Many people took me to task for my claim that intentionality isn’t required to do evil. George pointed out that Eichmann intended the consequences he caused. Kiashu argued,

“Whether they should feel bad or not is irrelevant. Believing in Jewish ethics, I believe that only actions and results matter; if a bad person does something with good results for bad reasons, it’s still got good results, so their motives are irrelevant - except insofar as they affect their future actions.”

I agree that Eichmann did intend the consequences of his action, but one of the important points that Arendt makes is that he didn’t much care (this may or may not actually have been true of Eichmann personally, but for the purposes of this discussion we’ll accept Arendt’s claim) what harm he did. Yes, he did his harm knowingly, but his interest and intention were not focused on what he accomplished, but on his own personal ends. I think there is more common ground here that either of my critics is inclined to admit. In this case, we may not intend our ends, but we share with Eichmann the condition of being mostly concerned with achieving our personal ends. The difference is that for those who could know or do know, they choose not to carefully consider the outcomes, an option Eichmann didn’t have.

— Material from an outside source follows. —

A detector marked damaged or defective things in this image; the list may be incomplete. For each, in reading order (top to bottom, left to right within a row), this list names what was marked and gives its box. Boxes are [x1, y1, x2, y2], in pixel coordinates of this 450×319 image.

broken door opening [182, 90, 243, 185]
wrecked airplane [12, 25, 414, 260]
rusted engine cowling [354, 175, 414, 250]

I would use a legal analogy - we do believe that intentionality matters in how we judge the crimes we commit. If for example, I stab my husband with a tuning fork in the heat of passion, others will judge me differently than if I take the tuning fork, and plot an elaborate scheme to murder him with it. But only up to a point. The act is still murder. At best, if I were to accidentally murder my husband (in some way I can’t figure out) with a tuning fork, one might call that an accident, or at worst, criminally negligent homicide. But what would happen if I kept doing it, over and over and over again, and stream of tuning fork induced corpses appeared in my yard (ok, this is past silly)?

Intentionality matters in how we judge - but not enough to erase the stigma of evil. That is, the avoidable things we knowingly (or willfully unknowingly) do to others are still acts of murder. Our responsibility may be somewhat diminished - although each such act and each bit of knowledge we reject or ignore raises our responsibility. But is lack of intentionality enough to make what we do not evil? I tend to think not, although I’m open to debate here.
I do think Kiashu gets it wrong about Jewish Ethics. I take this fairly seriously, and I do realize that my prior post and my current one may well be committing the ethical error of failing to judge fairly. What I will say is that I am doing the best I can on this one, but I do recognize that it is a real concern.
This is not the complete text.